O'Leary then had a conversation with Wallace. O'Leary asked Wallace if anyone else lived in the apartment with Aretha and the children. Wallace gave O'Leary defendant's name and description. Wallace also told the detective where defendant might be found. Wallace testified that the police asked her if she had any idea who might have murdered the victims, and she gave them defendant's name and description. O'Leary also asked if there was anything in the apartment that might identify defendant or help the police find defendant. Wallace told O'Leary about a photo album that she had seen the week before. After looking through the album, Wallace told the detective that defendant's photograph was gone, pointing to a blank spot in the album where a photograph had apparently been removed. After the apartment had been processed, the detective asked Wallace if anything was missing from the apartment. Wallace stated that several pieces of property were missing, including Aretha's car, beeper, television, microwave, and stereo.

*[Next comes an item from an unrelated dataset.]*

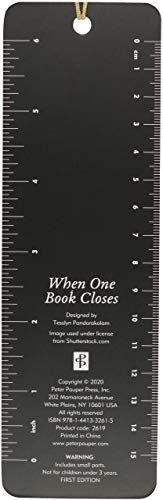 When One Book Closes Beaded Bookmark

Detectives subsequently began their attempts to locate defendant. That evening, defendant was brought to the police station by his uncle, Officer Charles Maratre. Defendant was taken into custody and, after several interviews with police, confessed to the three murders. Testimony regarding the circumstances surrounding defendant's confession was substantially the same as that presented at the suppression hearing. Defendant's confession was read into the record.

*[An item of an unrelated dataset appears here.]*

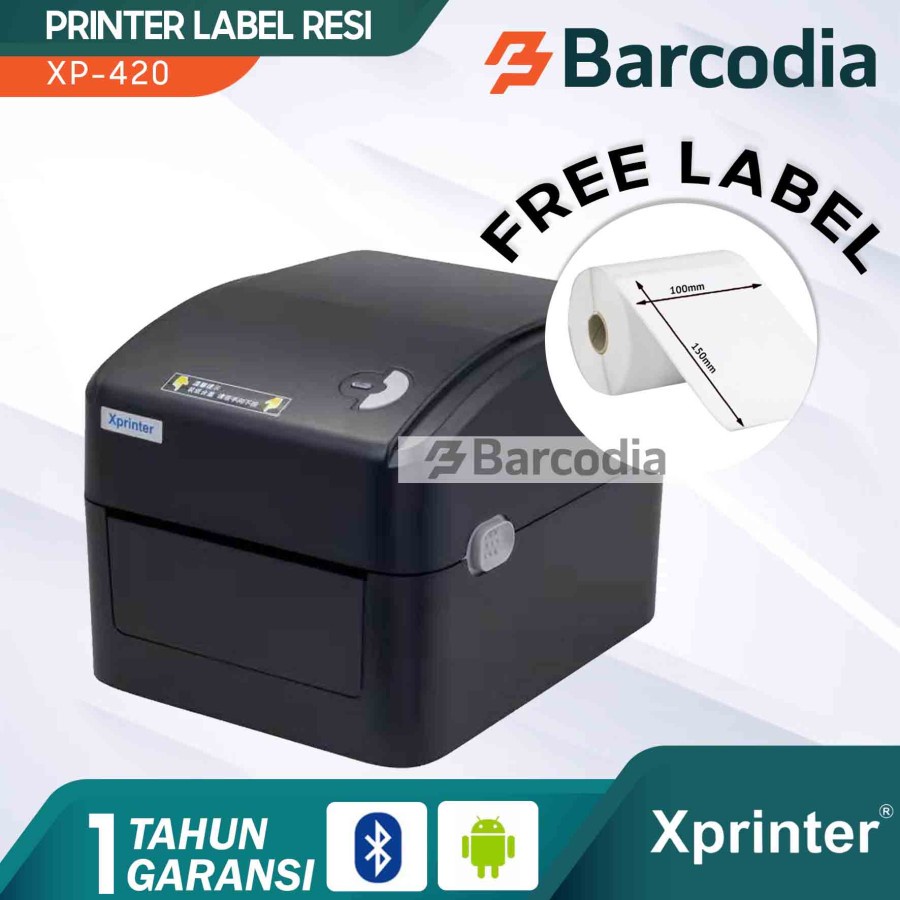 Printer Barcode Bluetooth Label Printer XP-420B | BI-420B 110MM / A6 / Printer Bluetooth Resi Online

Defendant stated that he had lived with Aretha at the apartment where her body was found on and off since June 1990. Defendant asserted that on September 2, 1990, he worked at Farmer's Market until 5 p.m. Before leaving work, he borrowed $50 from his boss. After he left work, he bought some wine and cocaine with the money he had borrowed from his boss. He then went directly to Aretha's apartment. Aretha and the children arrived at the apartment around 7 p.m.

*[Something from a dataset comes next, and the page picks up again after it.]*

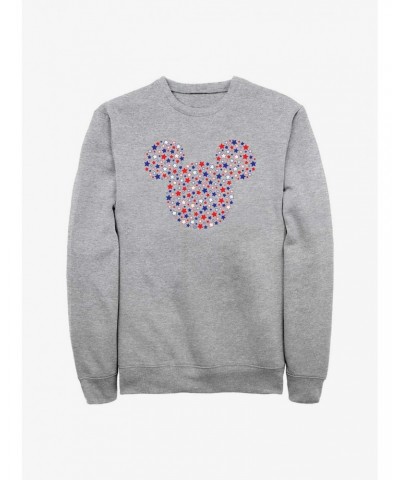 Disney Mickey Mouse Stars And Ears Sweatshirt $11.44 Sweatshirts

After dinner, defendant asked Aretha to dress the children so they could go out. Defendant wanted to visit a friend to borrow some money. Aretha dressed the children, and they all went out. Defendant first tried to borrow some money from a friend of his mother. When he was unsuccessful, defendant went to visit his aunt. Defendant's aunt gave him $5. At this point, Aretha and the children were in the car. Later, Aretha walked up to...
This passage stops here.